Joseph Eugene Stiglitz, a Nobel Memorial Prize-winner in Economic Sciences, is one of the most highly esteemed economists in the world. He’s had highly influential roles in shaping economic policy and thought at the federal and international levels. Time magazine named him as one of the top 100 most influential people in the world in 2011.

Stiglitz believes these hikes risk intensifying inflationary pressures. Why is he worried about this?

“The real worry in my mind is, will they increase interest rates too high, too fast, too far?” Stiglitz recently told CNBC.

Stiglitz thinks that while there was a need to adjust from the zero or near-zero interest rate policy in place since 2008, there are three reasons an aggressive Fed course could stoke inflation.

The first reason is that the overwhelming source of inflation, by Stiglitz’s analysis, is supply-side disruptions leading to higher prices in oil and food, even causing a shortage of baby formula. “Will raising interest rates lead to more oil, lower prices of oil, more food, lower prices of food? Answer is clearly not. In fact, the real risk is it will make it worse,” Stiglitz recently told CNBC. “Why? Because what we need to do is to make investments to relieve some of these supply-side bottlenecks that are causing such havoc on our economy. It’s going to make it more difficult.”

Will raising interest rates lead to more oil, lower prices of oil, more food, lower prices of food? Answer is clearly not. In fact, the real risk is it will make it worse.
— Joseph Stiglitz

The second reason is that profit margins for major corporations have been rising along with their input costs. “They’ve not only been passing on the cost,” Stiglitz says, “but passing it on even more.” Stiglitz says there’s a well-defined theory that points out that when interest rates go up, firms … take more advantage of raising prices today. Raising interest rates in non-competitive markets may lead to even more inflation, Stiglitz contends.

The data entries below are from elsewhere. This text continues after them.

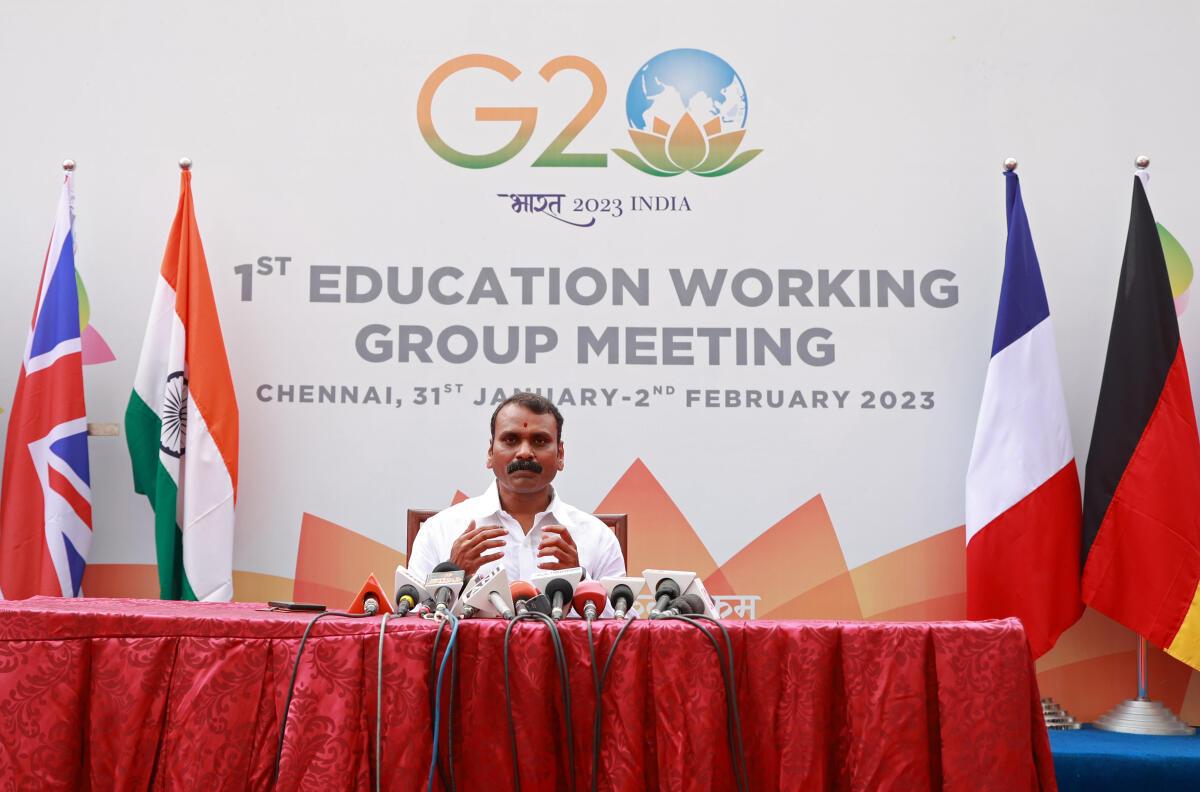 Kesetaraan Pendidikan untuk Semua: Penegasan Menteri Persatuan Lamurugan di Konferensi Pendidikan G20 |  Kesetaraan Pendidikan untuk Semua: Penekanan Menteri Persatuan L. Morgans pada KTT Pendidikan G20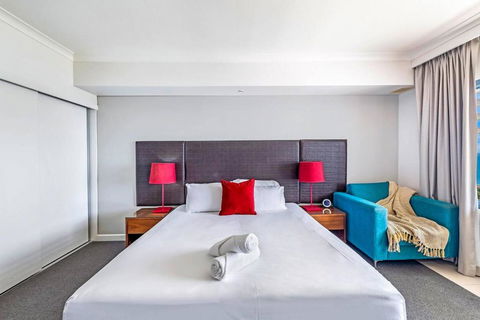 Resort Style Living In An Oceanview King Suite - Tourism Canberra 2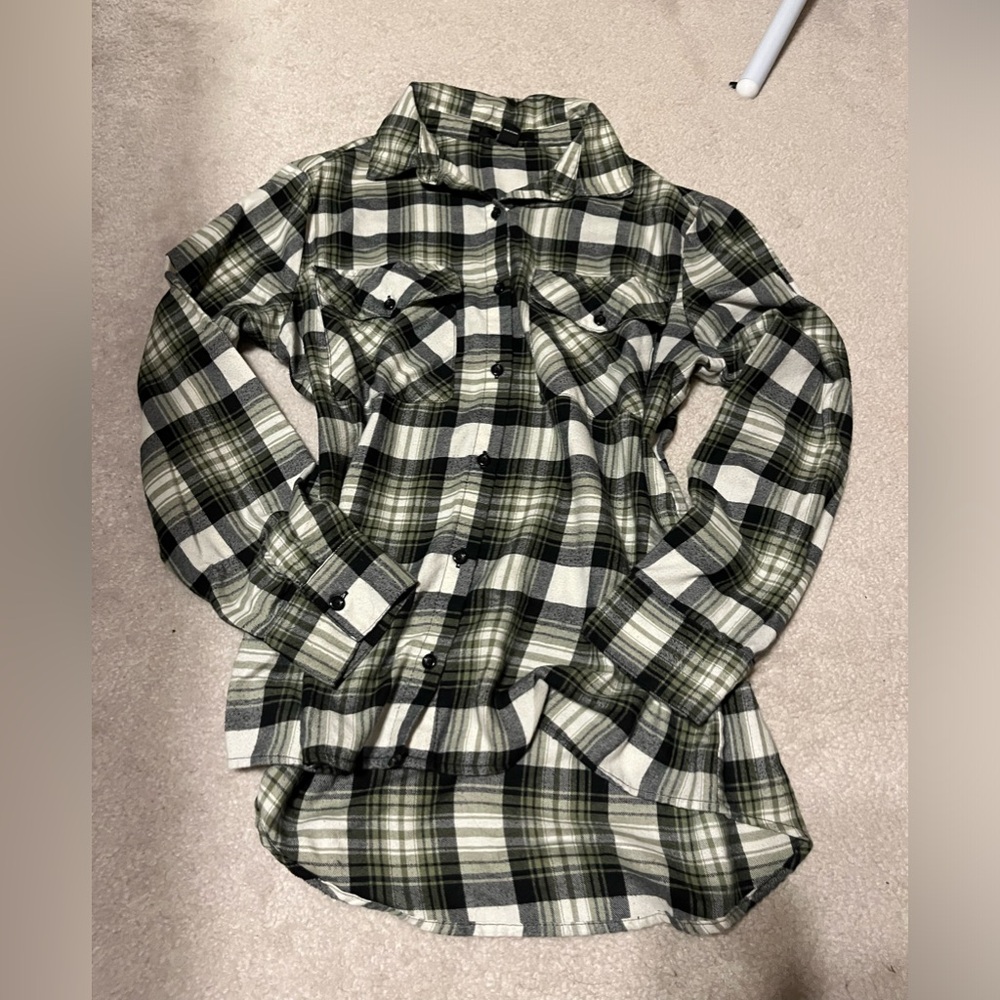 Forever 21 men’s green flannel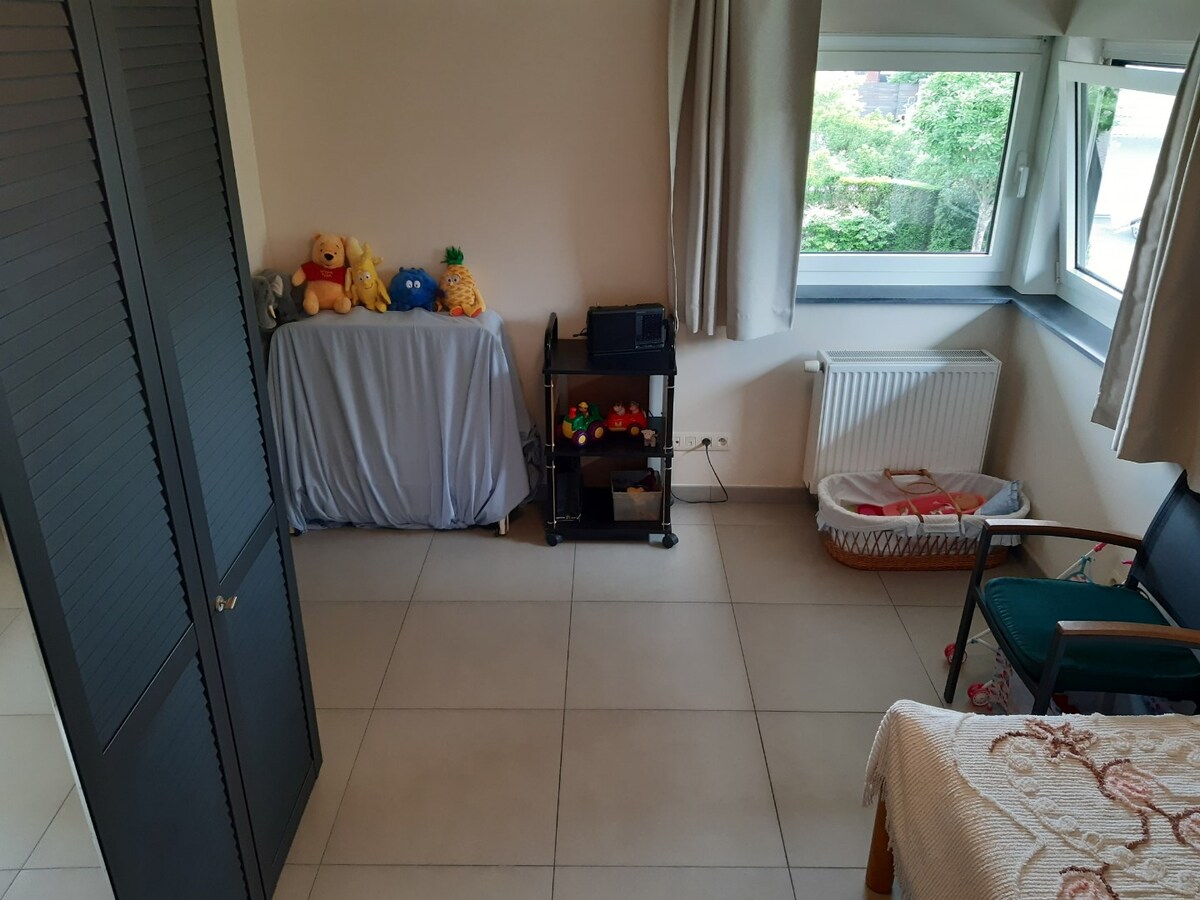 Recente, eigentijdse villa in doodlopende verkaveling ! 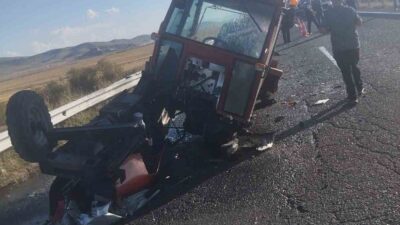 Kars’ta yaşanan trafik kazasında, otomobil ile traktörün çarpışması sonucunda 6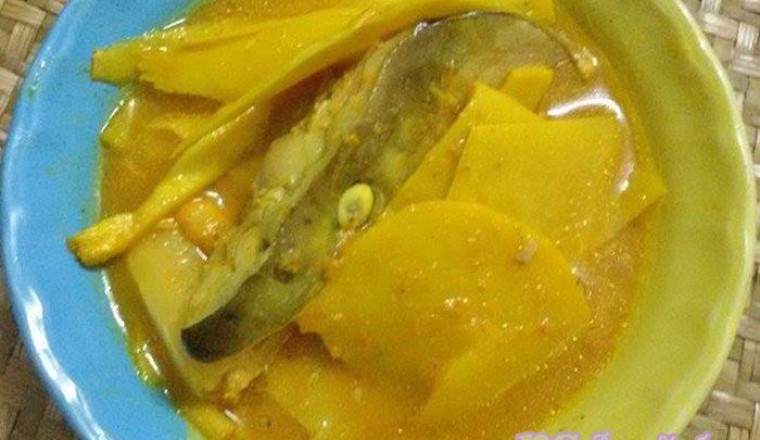 แกงส้มหัวปลาแซลมอนหน่อไม้ดอง อาหารภาคใต้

The third reason is that there is the potential for increasing costs in an important component of inflation: housing. “You raise interest rates, it gets reflected in rents, and there’s a Federal Reserve study showing that,” he said.

The Federal Reserve raised its benchmark rate by 0.75 percentage points in both June and July this year. Fed Chair Powell said that while higher rates, slower growth and softer labor market conditions would bring down inflation, that would also mean “some pain” for households and businesses.

Stiglitz has further concerns about the US economy’s impact on citizens (and citizens in other countries and economies like Australia).

One concern is that interest rates will continue to be raised faster than house prices fall. According to Stiglitz: “Prices are remaining high, they’re not going to come down as fast as interest rates are going up and that’s going to increase the intergenerational divide in our society.”

Another concern is that recent US job market data does not indicate as much strength as some people have suggested. “One indicator that they are not really capturing is what is going on with real wages, which normally go up when labor markets are tight,” he said. Real wages means wages adjusted for inflation.  

“Labor markets are very tight, prices of goods are going up, that should mean you compensate workers even more but that’s not happening,” Stiglitz noted. “Real wages are going down, so that at least should make you worry.”